An authoritative introduction to the roles of switching and transmission in broadband integrated services networks
Principles of Broadband Switching and Networking explains the design and analysis of switch architectures suitable for broadband integrated services networks, emphasizing packet-switched interconnection networks with distributed routing algorithms. The text examines the mathematical properties of these networks, rather than specific implementation technologies. Although the pedagogical explanations in this book are in the context of switches, many of the fundamental principles are relevant to other communication networks with regular topologies.
After explaining the concept of the modern broadband integrated services network and why it is necessary in today's society, the book moves on to basic switch design principles, discussing two types of circuit switch design—space domain and time domain—and packet switch design. Throughput improvements are illustrated by some switch design variations such as Speedup principle, Channel-Grouping principle, Knockout principle, and Dilation principle.

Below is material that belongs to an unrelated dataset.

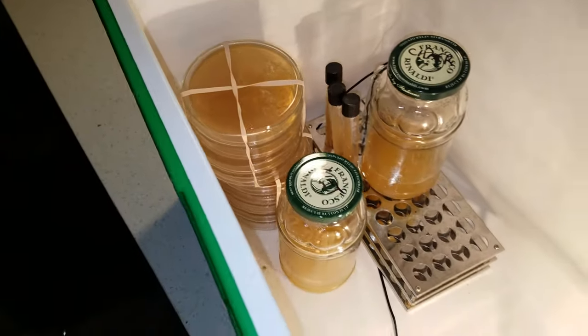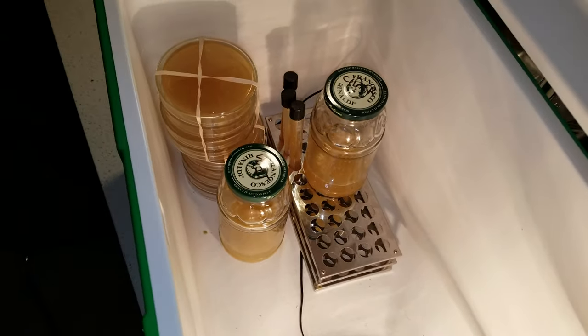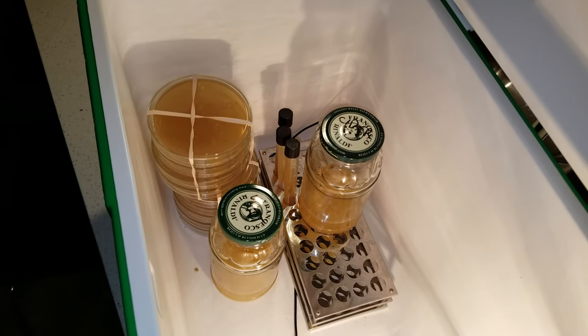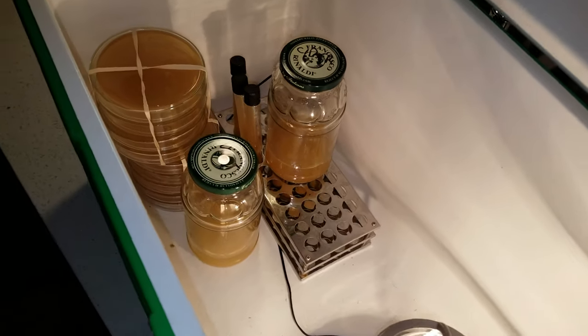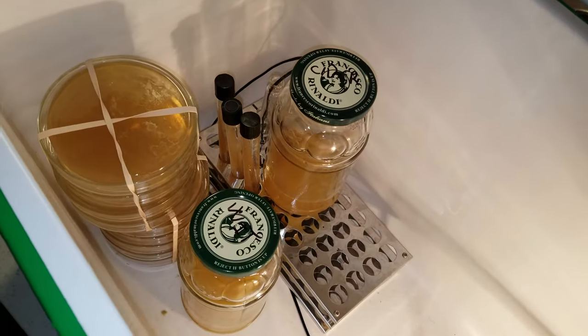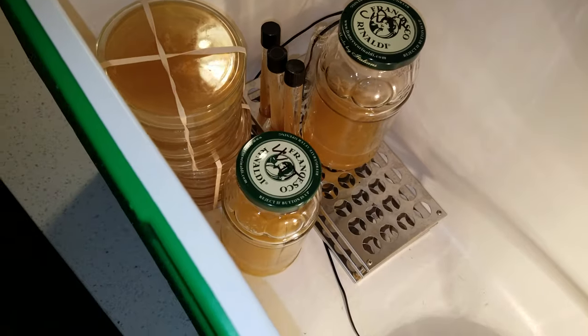As well as the agar plates sitting on the side here. You will also notice that I have two regular glasses here — one says cider and one says wit.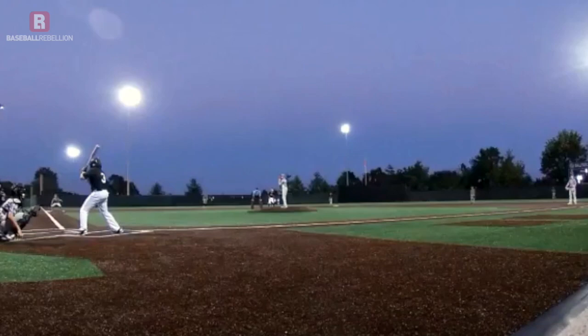Hey guys, Eric Tyler with Baseball Rebellion bringing you this week's Baseball Youth Player to Watch, Zach Lynn. We'll go ahead and jump right into the swing.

Moving seamlessly into advanced switch design principles, the book covers switch scalability, switch design for multicasting, and path switching. Then the focus moves to broadband communications networks that make use of such switches. Readers receive a detailed introduction on how to allocate network resources and control traffic to satisfy the quality of service requirements of network users and to maximize network usage. As an epilogue, the text shows how transmission noise and packet contention have similar characteristics and can be tamed by comparable means to achieve reliable communication.
Principles of Broadband Switching and Networking is written for senior undergraduate and first-year postgraduate students with a solid background in probability theory.